ACTIVITY: Pictures stay out; everything else in the listing below is to be restated word for word.

DATASET EXCERPT:
● ● ●

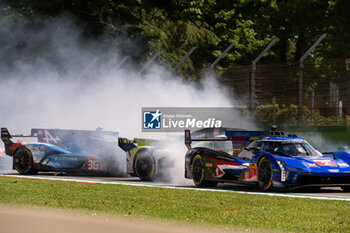 2024-04-21 - start of the race, depart accident, 36 VAXIVIERE Matthieu (fra), SCHUMACHER Mick (ger), LAPIERRE Nicolas (fra), Alpine Endurance Team, Alpine A424 #36, Hypercar, action start during the 2024 6 Hours of Imola, 2nd round of the 2024 FIA World Endurance Championship, from April 18 to 21, 2024 on the Autodromo Internazionale Enzo e Dino Ferrari in Imola, Italy - FIA WEC - 6 HOURS OF IMOLA 2024 - ENDURANCE - MOTORS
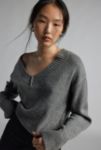 Thumbnail View 1: BDG Jenna V-Ausschnitt Pullover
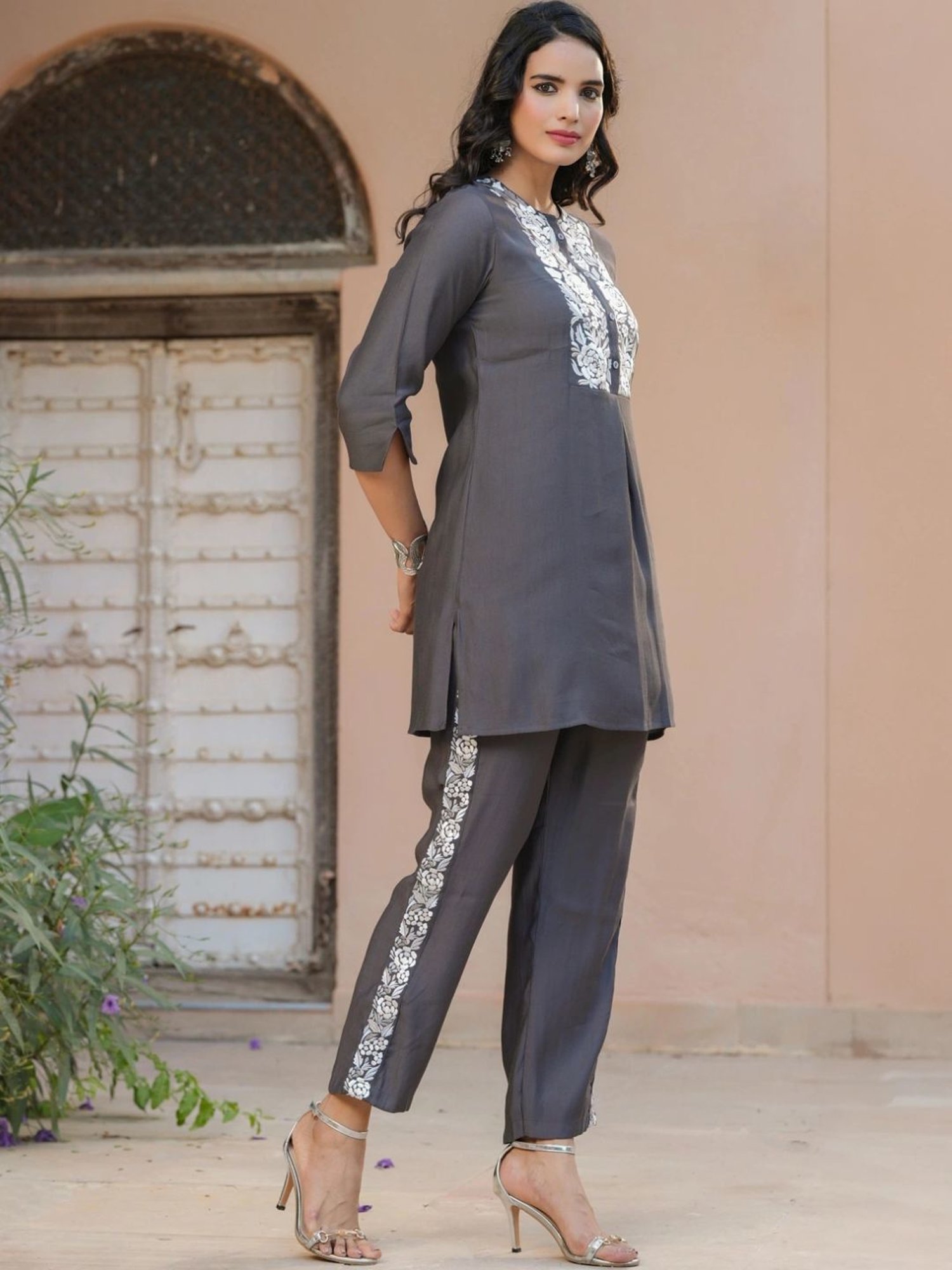 Scakhi Grey Roman Silk Embroidered Co-Ord Set Tunic With Pant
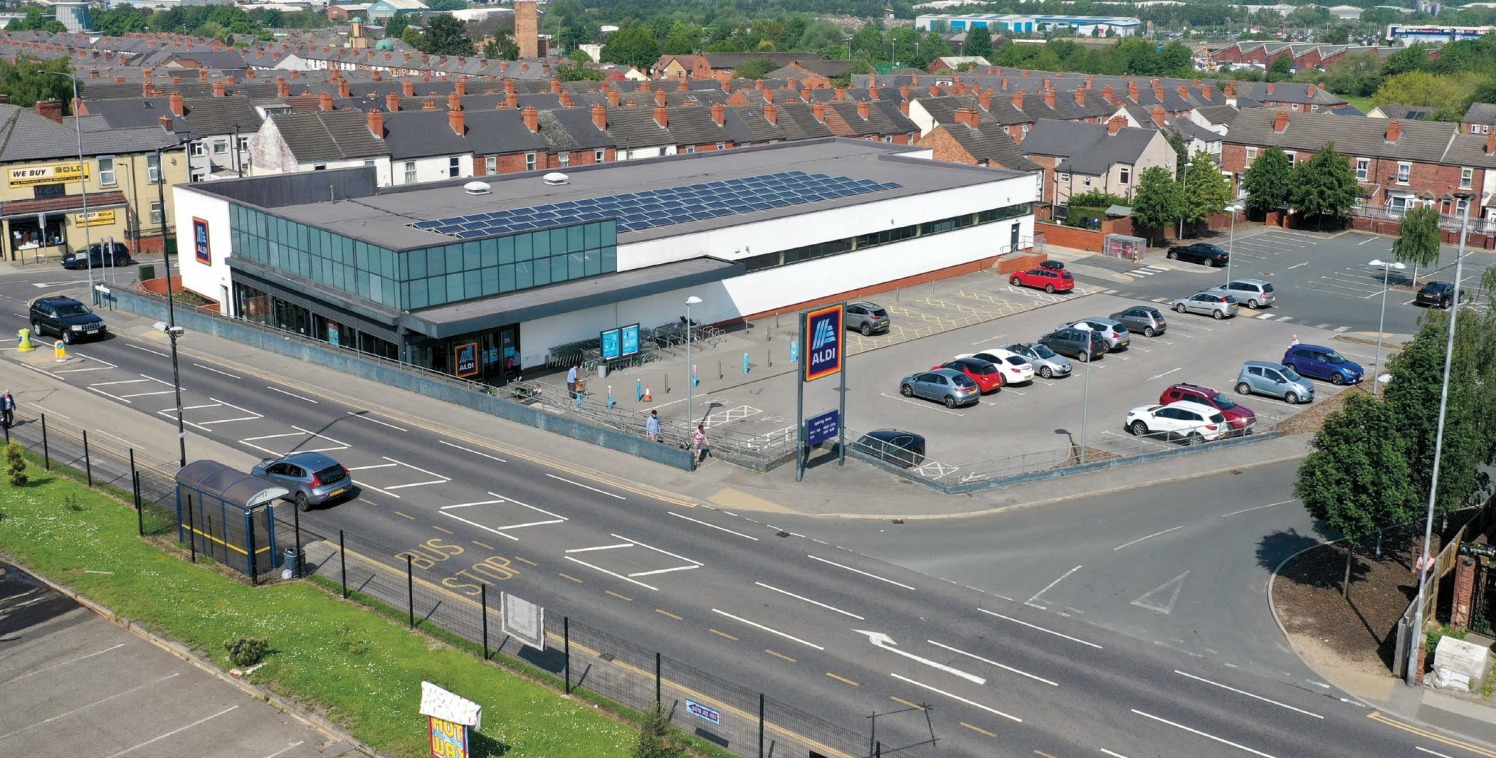 Modern retail unit of approx 15,080 sq ft on a site area of 1.7 acres.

● ● ●

RESULT:
 2024-04-21 - start of the race, depart accident, 36 VAXIVIERE Matthieu (fra), SCHUMACHER Mick (ger), LAPIERRE Nicolas (fra), Alpine Endurance Team, Alpine A424 #36, Hypercar, action start during the 2024 6 Hours of Imola, 2nd round of the 2024 FIA World Endurance Championship, from April 18 to 21, 2024 on the Autodromo Internazionale Enzo e Dino Ferrari in Imola, Italy - FIA WEC - 6 HOURS OF IMOLA 2024 - ENDURANCE - MOTORS
 Thumbnail View 1: BDG Jenna V-Ausschnitt Pullover
 Scakhi Grey Roman Silk Embroidered Co-Ord Set Tunic With Pant
 Modern retail unit of approx 15,080 sq ft on a site area of 1.7 acres.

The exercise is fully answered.